Importers for large forums

mtawil · July 24, 2017, 11:16am

Yeah, I edited it, and it works.
But now I face a new issue when importing users:

Importing users...
script/bulk_import/vbulletin.rb:363:in `strptime': invalid date (ArgumentError)
	from script/bulk_import/vbulletin.rb:363:in `parse_birthday'
	from script/bulk_import/vbulletin.rb:78:in `block in import_users'
	from /var/www/discourse/script/bulk_import/base.rb:438:in `block (2 levels) in create_records'
	from /usr/local/lib/ruby/gems/2.4.0/gems/rack-mini-profiler-0.10.5/lib/patches/db/mysql2.rb:6:in `each'
	from /usr/local/lib/ruby/gems/2.4.0/gems/rack-mini-profiler-0.10.5/lib/patches/db/mysql2.rb:6:in `each'
	from /var/www/discourse/script/bulk_import/base.rb:437:in `block in create_records'
	from /usr/local/lib/ruby/gems/2.4.0/gems/pg-0.20.0/lib/pg/connection.rb:160:in `copy_data'
	from /var/www/discourse/script/bulk_import/base.rb:436:in `create_records'
	from /var/www/discourse/script/bulk_import/base.rb:178:in `create_users'
	from script/bulk_import/vbulletin.rb:72:in `import_users'
	from script/bulk_import/vbulletin.rb:25:in `execute'
	from /var/www/discourse/script/bulk_import/base.rb:33:in `run'
	from script/bulk_import/vbulletin.rb:377:in `<main>'

zogstrip · July 24, 2017, 11:18am

Can you share some examples of birthday dates?

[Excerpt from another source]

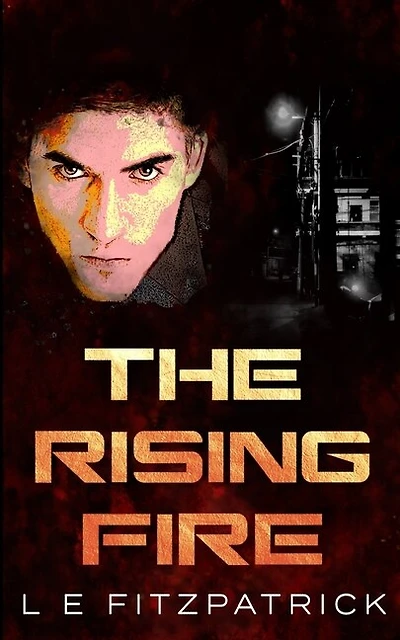 The Rising Fire (reachers Book 4)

Maybe the format isn’t the same.

mtawil · July 24, 2017, 11:23am

The incorrect date is (02-29-1989)

mtawil · July 24, 2017, 11:33am

I know it’s the wrong date, but that what I get from users, I can’t check all dates manually and edit it.
The easiest way is that making parse_birthday function to check if the date is correct or not.
I wish I can develop on ruby; I try to learn it.

zogstrip · July 24, 2017, 11:36am

What if you replace the method by this?

  def parse_birthday(birthday)
    return if birthday.blank?
    date_of_birth   = Date.strptime(birthday, "%m-%d-%Y") rescue nil
    date_of_birth ||= Date.strptime(birthday, "(%m-%d-%Y)") rescue nil
    return if date_of_birth.nil?
    date_of_birth.year < 1904 ? Date.new(1904, date_of_birth.month, date_of_birth.day) : date_of_birth
  end

mtawil · July 24, 2017, 11:59am

OK, it works and skips the wrong date now.

New issue :
After importing more than 200K users (I stop it by CTRL+C) I went to check out the imported users and sadly there are no inserted data in ‘discourse_development.users’ table.
Should it complete the importer to show up the users data or what?

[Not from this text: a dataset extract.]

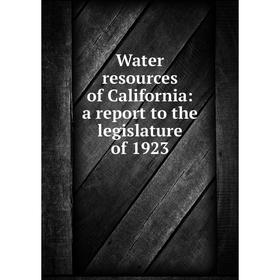

Книга Water resources of California: a report to the legislature of 1923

zogstrip · July 24, 2017, 12:26pm

I pushed the fixes so that I don’t forget.

Yup. The bulk importer works in “batches”. And by “batch” I mean “table by table”.
For speed, everything is kept in memory before it’s sent to the database.

zogstrip · July 24, 2017, 12:57pm

Also, I just merged a PR fixing the bulk importer regarding to our email extraction into another table.

@mtawil you should totally update before re-running the import.

quangbuule · July 24, 2017, 1:05pm

Thank @zogstrip!
There are some problems with charset, some forums started from very early of vBulletin era, at that time, its charset was latin1. So the texts after importing are really messy.

Will have a PR on that.

mtawil · July 24, 2017, 4:41pm

Thank you! I will update it of course.

BTW, The speed rate continues to slow down by time. For more clarification, please check this video out:

That’s just ~1.5M users, imagine more than 80M posts, the speed rate maybe will going to be 1/sec

pfaffman · July 24, 2017, 5:02pm

How much ram do you have? You’ll need to have enough ram to hold the whole table. My guess is that you’re starting to swap and that’s slowing your down. Is swap on a hard drive or ssd?

mtawil · July 24, 2017, 5:56pm

Well, Does Intel 16 Core Xeon CPU @ 2.30GHz w/ 64GB of RAM is not enough?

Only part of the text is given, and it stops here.